Le Project Gutenberg, créé d'abord en anglais par Michael Hart de l'Université de l'Illinois, propose depuis les années 2000 un nombre conséquent de traductions des grands classiques. Le Lys dans la vallée s'y trouve dans plusieurs langues : en allemand, dans une traduction de René Schickele datant du début du XXe siècle, publiée en collaboration avec le magazine Der Spiegel; en anglais, dans la version de Katherine Prescott Wormeley dont nous parlons dans un autre article sur ce site; et en langue originale en français. L'accès à ces textes est assez facile et l'on peut les lire soit en ligne, ce qui n'est pas le plus agréable, soit sur une tablette dans les formats les plus communs de livres électroniques. En dehors de ces versions numérisées, il y a encore les traductions chinoises qui sont disponibles en version électronique, ainsi qu'une traduction en catalan et une autre en vietnamien. Les traductions en langues européennes autres que l'anglais, l'allemand et le catalan, ont toutes été publiées ou republiées sous forme de livres, souvent à partir de traductions anciennes.

 

À ce point-ci, nous avons pu identifier 36 traducteurs du Lys, répartis dans dix-huit pays. Ce nombre regroupe les premiers traducteurs de Balzac ayant vécu au XIXe siècle mais cependant identifiés, et les traducteurs récents, toujours en exercice. Il serait intéressant de regrouper ces derniers et de discuter des difficultés auxquelles ils ont dû faire face en traduisant cet ouvrage, à la fois du point de vue des références au vécu personnel de l'auteur, mais aussi des paysages de Touraine et notamment de la flore, si importante dans ce livre, mais pourtant si difficile à interpréter, son sens ne se trouvant pas dans la botanique mais dans une symbolique plus freudienne même qu'artistique.
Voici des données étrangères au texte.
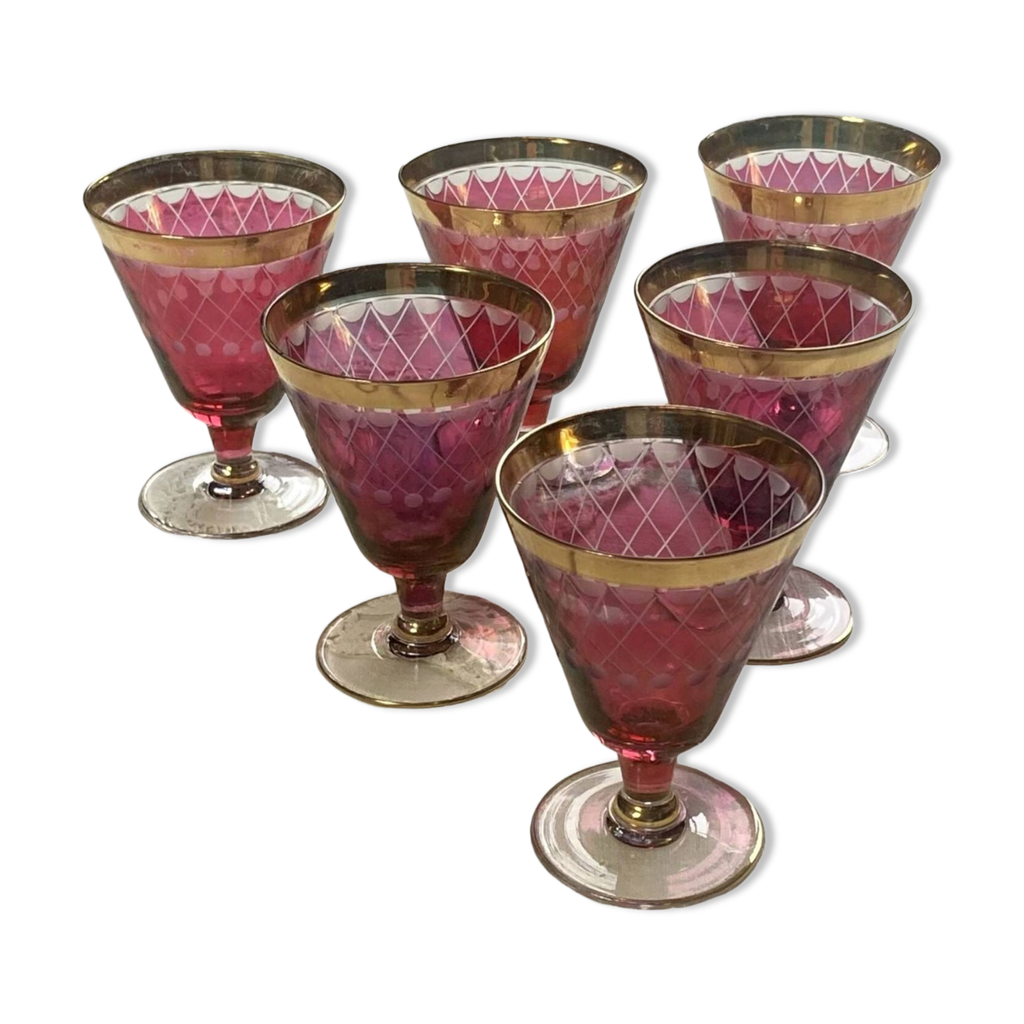 Lot de 6 verres moyens taillés rouge/grenat et dorure ancien ACC-7054 ...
D'après José-Laure Durrande, elle contribue « à la recherche d'une nouvelle langue, la langue cryptée du sexe, à la mesure de la démesure de son objet, ne se prenant qu'au silence et ne célébrant que les "fleurs de l'écritoire", l'amour se réalisant dans son impossibilité, se faisant poème en fleurs. »[3] En effet, défiant les principes du « réalisme balzacien », « [l]es bouquets de Félix n'ont rien à voir avec la vraisemblance, fleurs d'une saison et fleurs d'une autre, fleurs des champs et fleurs exotiques, fleurs à longues tiges et fleurs à queues courtes, fleurs inventées comme l'aphrodise. »[4]

 

Comment traduire un texte de cette nature, où les fleurs de rhétorique deviennent rhétorique en fleurs? où le paysage, certes inspiré par la Touraine, se modifie au gré des sentiments intérieurs? La tâche est certes ardue et requiert à la fois une connaissance du lieu et une sensibilité artistique et poétique à laquelle s'associe une empathie vis-à-vis du narrateur et de l'auteur.

 

À notre connaissance, aucun des traducteurs du Lys n'est venu à Saché pour s'imprégner du lieu d'où a germé l'œuvre de Balzac. René Schickele, par sa proximité géographique, aurait certes pu y venir, puisqu'il est né en Alsace en 1883 alors que l'Alsace était sous domination allemande. De mère francophone, il a travaillé comme journaliste à Paris avant la guerre de 1914. Cherchant, dans cette période troublée entre la France et l'Allemagne, à faire le lien entre la culture française et la culture allemande, il entreprend, avec Otto Flake et Ernst Stadler de traduire les grands auteurs français en allemand [5], dont Balzac. Sa traduction du Lys date de 1910. Les autres traducteurs en revanche vivaient beaucoup plus éloignés de la Touraine et l'on voyageait moins à l'époque où ces traductions ont été réalisées que l'on voyage maintenant. Ellen Marriage est venue en France souvent alors qu'elle traduisait les vingt-cinq volumes qui lui ont été assignés par la maison d'édition Dent. Rien toutefois ne laisse entendre qu'elle ait jamais été en Touraine. Pourtant, en traduisant Illusions perdues, elle avait ressenti le besoin de faire ce qu'elle appelait « son pèlerinage Balzac » au Quartier-Latin, dans les quartiers pauvres autour de la Sorbonne où vivaient ses personnages.[6] Mais cette attirance vers les lieux de La Comédie humaine semble s'être arrêtée à Paris.

 

Sans doute est-il possible de traduire un roman sans jamais se rendre sur le lieu décrit mais il ne fait aucun doute qu'en littérature, cette omission de l'expérience directe nuit considérablement à la transmission du ressenti au lecteur en langue d'arrivée, même si la traduction s'effectue des années, voire des siècles après que le roman a été écrit. L'esprit du lieu ne se transmet tout simplement pas ou donne lieu à diverses interprétations qui en disent plus sur le traducteur que sur l'auteur du texte original, que le traducteur soit « visible » et nommé ou non.

 

Toutes ces traductions ont malgré tout le mérite d'exister et de donner non seulement un aperçu de l'œuvre de Balzac mais aussi une notion de la réception de l'auteur dans le pays d'accueil. C'est grâce à elles que Balzac a pu devenir un auteur universel.

 




[2] Lawrence Venuti, The Translator's Invisibility, Londres, Routledge, 1995.

[3] José-Laure Durrande, « Balzac et la rhétorique en fleurs », Revue des sciences humaines, no 264, Déc. 2001, p.31.

[4] Op. cit., p. 37.

[5] Archives Larousse. Dictionnaire de la littérature. Article Ernst Stadler. En ligne. Site consulté le 16 novembre 2013.

[6] Cité par Margaret Lesser, « Ellen Marriage and the Translation of Balzac ». Translation and Literature, nov. 2012, vol.21, No.3, p. 353.